Support Llama / Hugging Face's Universal Format (GGUF)

Question

Support Llama / Hugging Face's Universal Format (GGUF)

BrainSlugs83 opened this issue 2 months ago · comments

Are there any plans to support the Hugging Face / Llama.cpp universal format (GGUF)?

This format is very popular and uses just a single file to describe a whole model (even for mixture of experts models), it's optimized for fast loading for inference (whether on the CPU or GPU, or elsewhere), and supports quantization. There's also built-in tooling on hugging face to automatically convert other repositories to this format.

The format is designed to be unambiguous by containing all the information needed to load a model.

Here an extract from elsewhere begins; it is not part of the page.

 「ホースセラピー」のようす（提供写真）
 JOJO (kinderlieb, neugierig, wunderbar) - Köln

It is also designed to be extensible, so that new information can be added to models without breaking compatibility.

And there is a huge repo of models based on Llama, Mistral, etc. that are already in this format; including fine tunes of Microsoft Phi.

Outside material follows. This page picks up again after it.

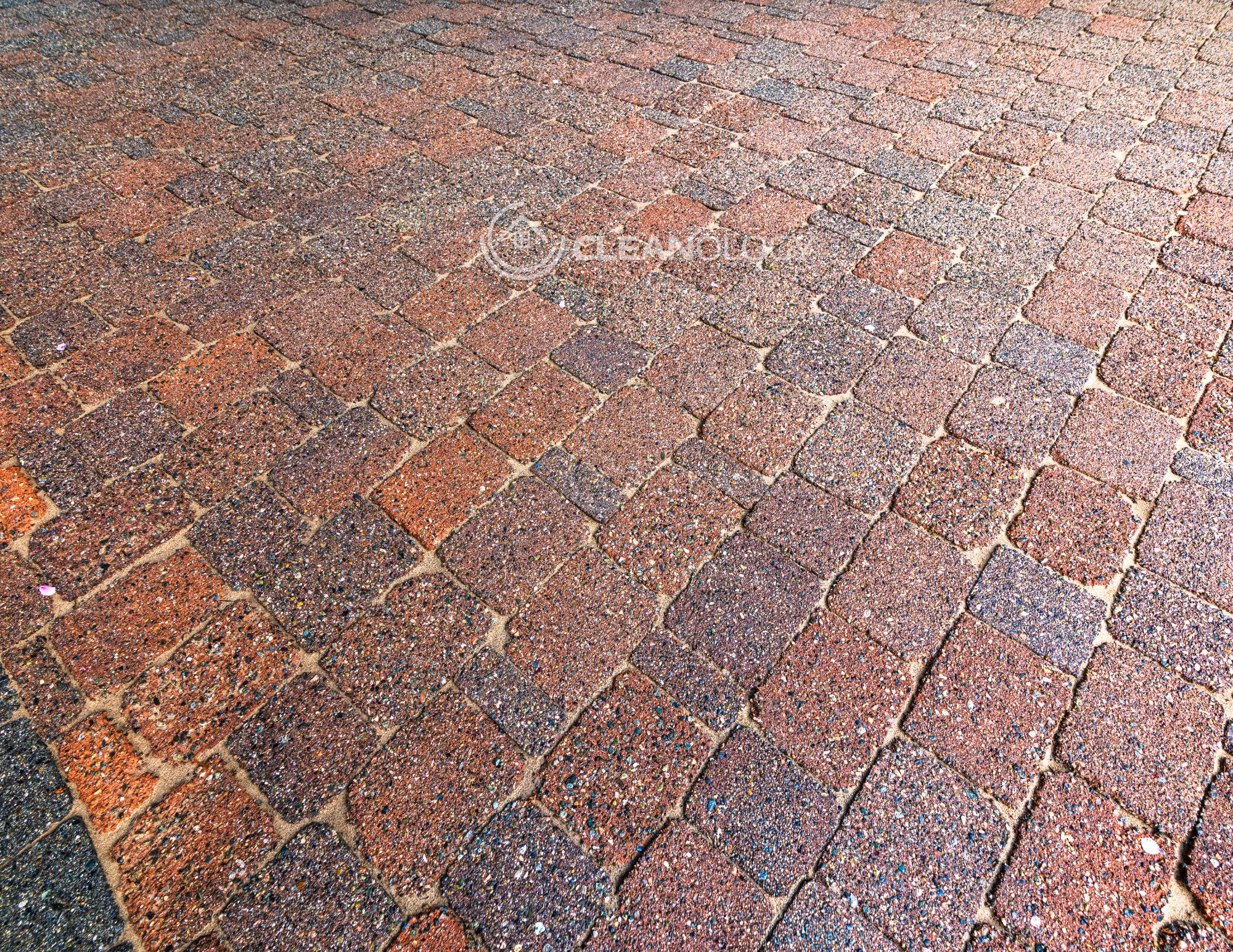 Before - After Pictures – image 24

It would be hugely convenient for developers if the DirectML model loader could just load those these...

[Side Question: what is the current supported format? -- I can't really find any repos on hugging face that seem similar enough to the supported Phi-3 repo that "just work" they always complain about missing JSON files, etc. -- and I'm not even fully sure what the current format is, let alone how to convert an existing model to it.]

Mikey commented a month ago

Bump.

Jarrod Davis · Answer 1 · Mon Jul 01 2024 15:13:51 GMT+0800 (China Standard Time)

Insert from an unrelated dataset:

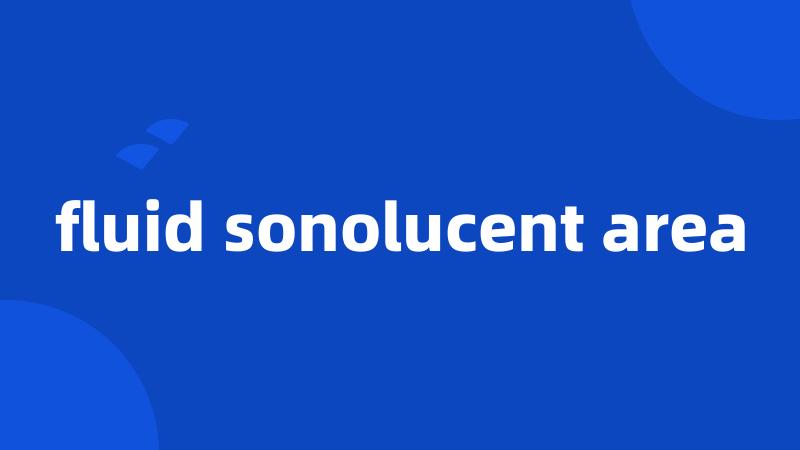 fluid sonolucent area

@BrainSlugs83 I saw this post and was inspired to come up with a solution, at least in the interim, because I was hoping for a single file format as well. I'm working on this project you may find useful. I will just let the video role. If it is something you may be interested in and wish to test it, let me know.

vfolder_phi3-onnx.mp4

Nat Kershaw (MSFT) · Answer 2 · Tue Jul 02 2024 01:49:45 GMT+0800 (China Standard Time)

Hi @BrainSlugs83, this API uses the ONNX (Open Neural Network Exchange) model format. Moving this issue into a Discussion as a feature request.